**TASK PROMPT**
Look at the entries below and reproduce them exactly.

**INFORMATION GIVEN**

○ ○ ○

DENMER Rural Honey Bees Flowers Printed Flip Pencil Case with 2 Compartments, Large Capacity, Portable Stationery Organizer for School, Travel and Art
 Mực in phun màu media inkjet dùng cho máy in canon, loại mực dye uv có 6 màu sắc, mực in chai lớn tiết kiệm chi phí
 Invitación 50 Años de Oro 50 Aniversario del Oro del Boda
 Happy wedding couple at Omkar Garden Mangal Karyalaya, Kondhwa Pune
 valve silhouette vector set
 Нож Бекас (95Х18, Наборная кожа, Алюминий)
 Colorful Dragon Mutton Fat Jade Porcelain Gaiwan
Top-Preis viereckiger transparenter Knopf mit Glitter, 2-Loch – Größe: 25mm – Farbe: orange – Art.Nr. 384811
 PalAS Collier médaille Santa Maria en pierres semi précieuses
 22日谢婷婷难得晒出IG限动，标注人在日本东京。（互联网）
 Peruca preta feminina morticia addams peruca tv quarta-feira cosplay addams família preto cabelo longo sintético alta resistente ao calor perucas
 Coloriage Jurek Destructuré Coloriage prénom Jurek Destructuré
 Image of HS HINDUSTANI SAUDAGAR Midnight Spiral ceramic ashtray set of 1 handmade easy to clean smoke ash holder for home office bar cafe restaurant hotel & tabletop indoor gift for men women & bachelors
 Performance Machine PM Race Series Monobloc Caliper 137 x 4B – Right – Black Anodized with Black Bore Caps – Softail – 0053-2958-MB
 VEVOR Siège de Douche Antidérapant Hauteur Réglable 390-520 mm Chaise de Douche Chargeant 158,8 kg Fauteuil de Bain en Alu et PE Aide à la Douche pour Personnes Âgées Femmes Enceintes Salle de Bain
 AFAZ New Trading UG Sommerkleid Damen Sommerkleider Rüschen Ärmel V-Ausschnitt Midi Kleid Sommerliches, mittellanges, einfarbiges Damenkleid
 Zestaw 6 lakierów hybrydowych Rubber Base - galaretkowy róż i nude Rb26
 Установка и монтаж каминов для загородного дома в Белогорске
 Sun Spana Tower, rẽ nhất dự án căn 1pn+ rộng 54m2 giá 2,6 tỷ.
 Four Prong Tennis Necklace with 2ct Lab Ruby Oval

○ ○ ○

**RESPONSE**
DENMER Rural Honey Bees Flowers Printed Flip Pencil Case with 2 Compartments, Large Capacity, Portable Stationery Organizer for School, Travel and Art
 Mực in phun màu media inkjet dùng cho máy in canon, loại mực dye uv có 6 màu sắc, mực in chai lớn tiết kiệm chi phí
 Invitación 50 Años de Oro 50 Aniversario del Oro del Boda
 Happy wedding couple at Omkar Garden Mangal Karyalaya, Kondhwa Pune
 valve silhouette vector set
 Нож Бекас (95Х18, Наборная кожа, Алюминий)
 Colorful Dragon Mutton Fat Jade Porcelain Gaiwan
Top-Preis viereckiger transparenter Knopf mit Glitter, 2-Loch – Größe: 25mm – Farbe: orange – Art.Nr. 384811
 PalAS Collier médaille Santa Maria en pierres semi précieuses
 22日谢婷婷难得晒出IG限动，标注人在日本东京。（互联网）
 Peruca preta feminina morticia addams peruca tv quarta-feira cosplay addams família preto cabelo longo sintético alta resistente ao calor perucas
 Coloriage Jurek Destructuré Coloriage prénom Jurek Destructuré
 Image of HS HINDUSTANI SAUDAGAR Midnight Spiral ceramic ashtray set of 1 handmade easy to clean smoke ash holder for home office bar cafe restaurant hotel & tabletop indoor gift for men women & bachelors
 Performance Machine PM Race Series Monobloc Caliper 137 x 4B – Right – Black Anodized with Black Bore Caps – Softail – 0053-2958-MB
 VEVOR Siège de Douche Antidérapant Hauteur Réglable 390-520 mm Chaise de Douche Chargeant 158,8 kg Fauteuil de Bain en Alu et PE Aide à la Douche pour Personnes Âgées Femmes Enceintes Salle de Bain
 AFAZ New Trading UG Sommerkleid Damen Sommerkleider Rüschen Ärmel V-Ausschnitt Midi Kleid Sommerliches, mittellanges, einfarbiges Damenkleid
 Zestaw 6 lakierów hybrydowych Rubber Base - galaretkowy róż i nude Rb26
 Установка и монтаж каминов для загородного дома в Белогорске
 Sun Spana Tower, rẽ nhất dự án căn 1pn+ rộng 54m2 giá 2,6 tỷ.
 Four Prong Tennis Necklace with 2ct Lab Ruby Oval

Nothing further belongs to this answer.